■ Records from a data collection

····················

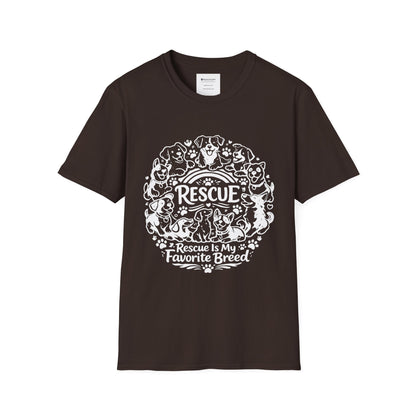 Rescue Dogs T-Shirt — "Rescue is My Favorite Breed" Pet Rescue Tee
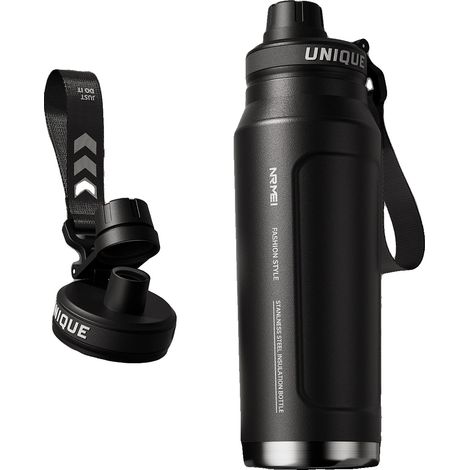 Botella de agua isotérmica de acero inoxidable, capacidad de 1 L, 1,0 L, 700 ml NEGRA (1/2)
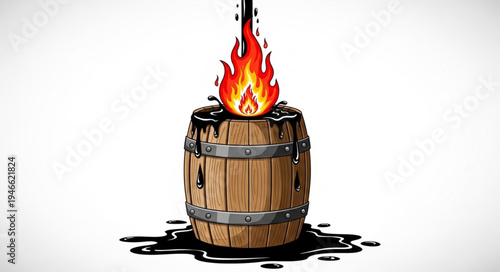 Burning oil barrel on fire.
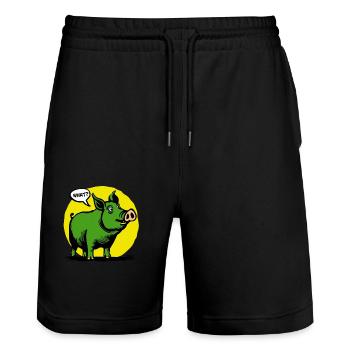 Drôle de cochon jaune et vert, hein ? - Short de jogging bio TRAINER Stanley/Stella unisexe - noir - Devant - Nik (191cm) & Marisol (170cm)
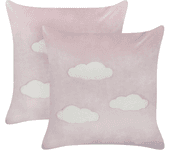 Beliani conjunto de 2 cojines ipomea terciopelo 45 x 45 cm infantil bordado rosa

····················

■ AIM OF THE EXERCISE
Exactly the lines from the one that contains "Drôle de cochon" through the last line of the records should be set down, and the pictures should be dropped.

■ ANSWER TO THIS PROBLEM
 Drôle de cochon jaune et vert, hein ? - Short de jogging bio TRAINER Stanley/Stella unisexe - noir - Devant - Nik (191cm) & Marisol (170cm)
 Beliani conjunto de 2 cojines ipomea terciopelo 45 x 45 cm infantil bordado rosa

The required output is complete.